** Opening SOURCE DATA block **

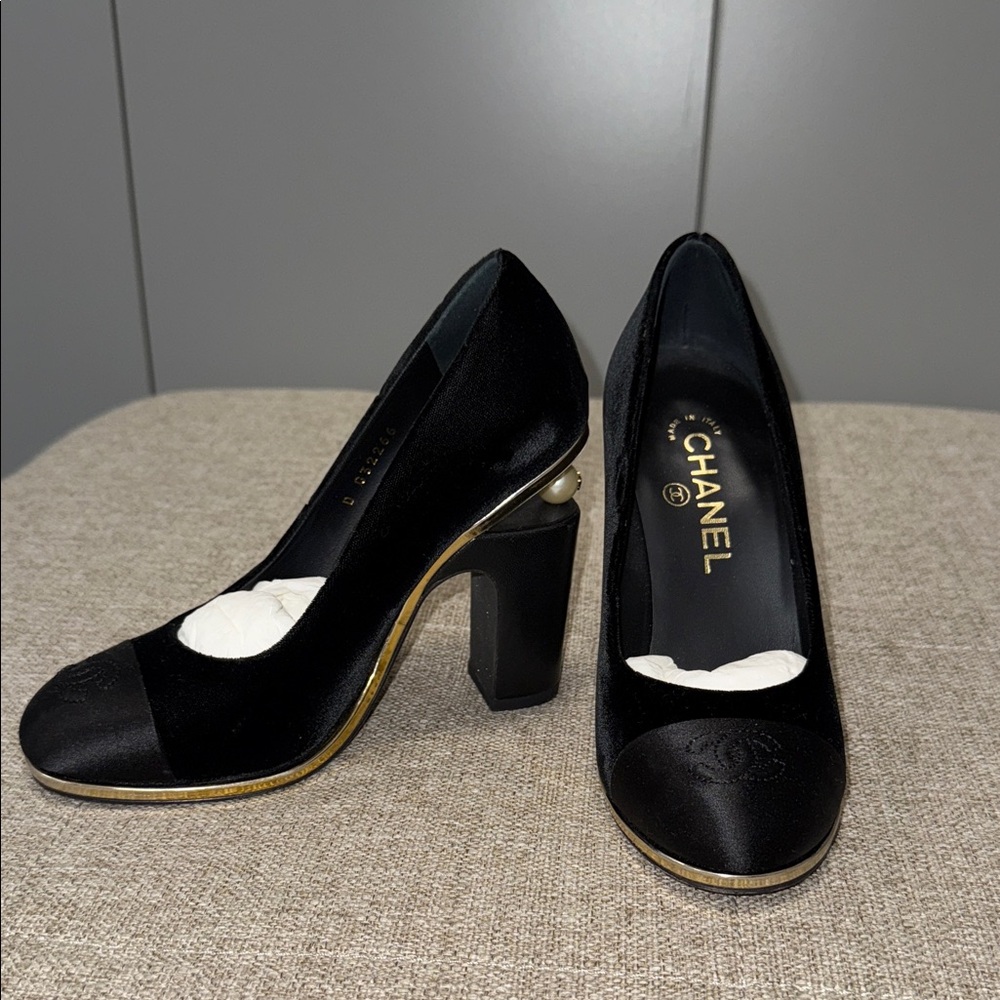CHANEL Black and Gold Heels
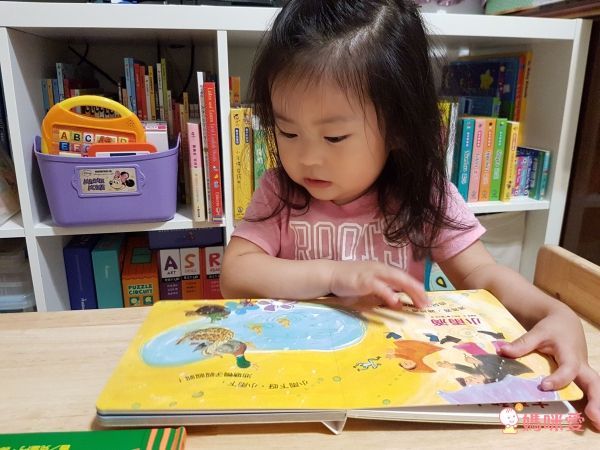 上誼文化聖誕禮物書7折起❤世界經典繪本套組☆穿越時空☆0～6歲各國大小朋友都愛讀！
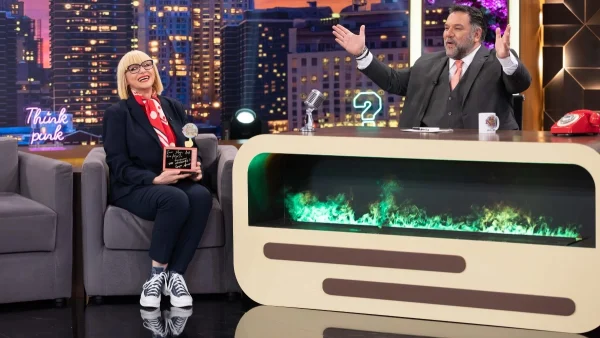 The 2Night Show: Δύο καλεσμένες με αέρα από εξωτερικό απόψε (6/3) στον Γρηγόρη Αρναούτογλου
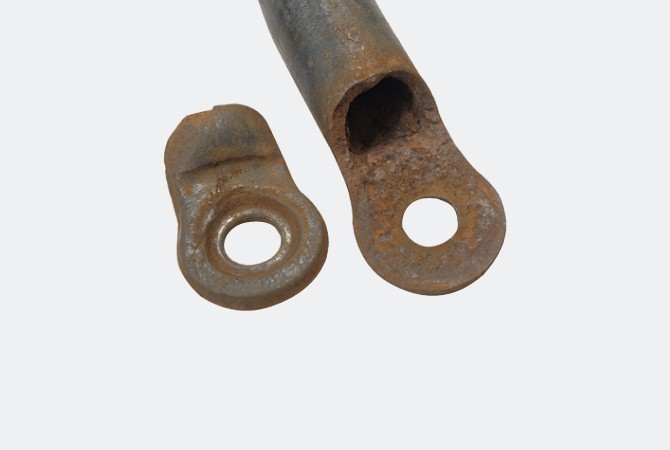 The ends of OE sway bars where the weld has rusted and broke
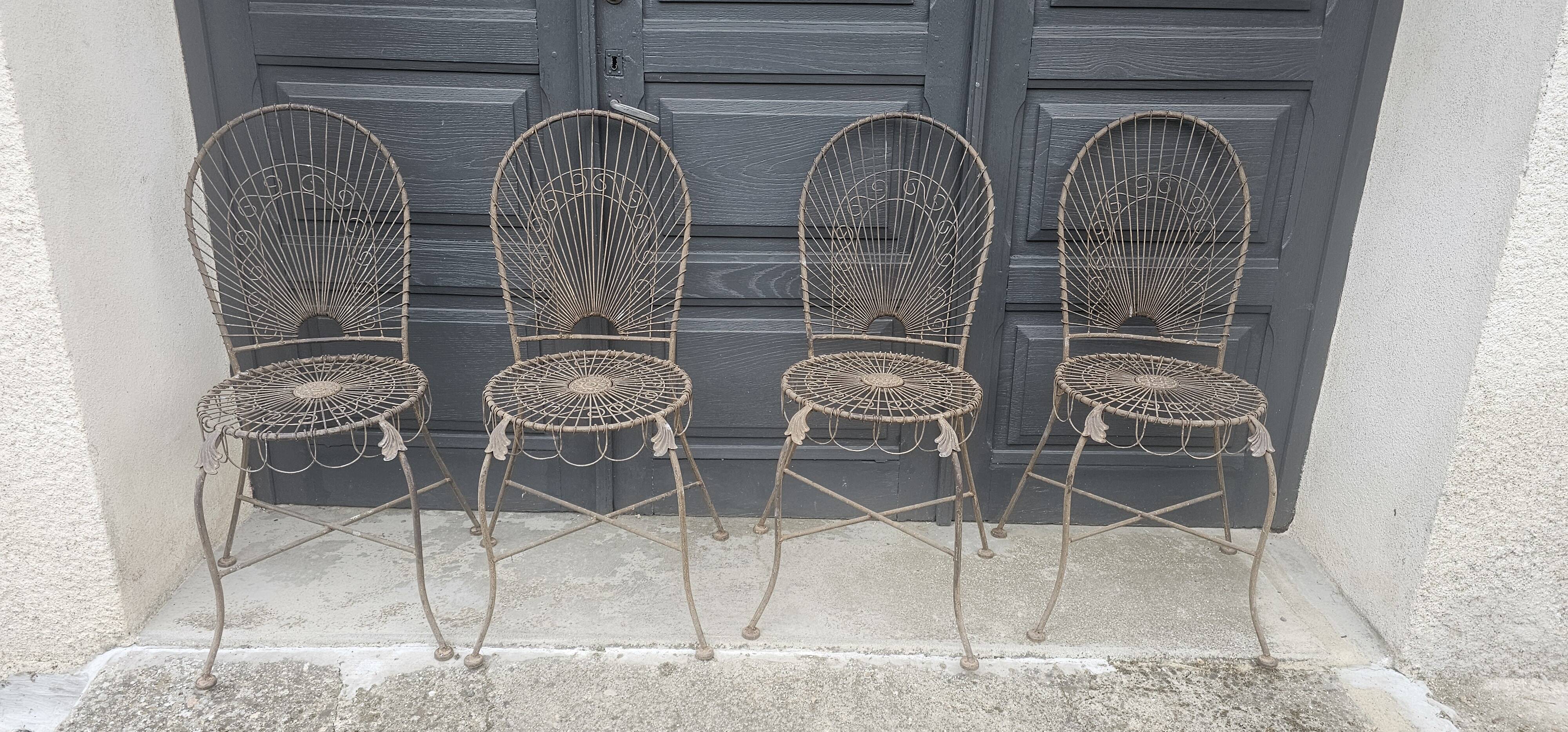 Chaises de jardin ajourées style John salterini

** Closing SOURCE DATA block **

_WHAT THE TASK REQUIRES_
Leaving the pictures aside, write out only the lines from the one containing "The ends of" through the end of the material, exactly as they stand.

_ANSWER TO THE PROBLEM_
 The ends of OE sway bars where the weld has rusted and broke
 Chaises de jardin ajourées style John salterini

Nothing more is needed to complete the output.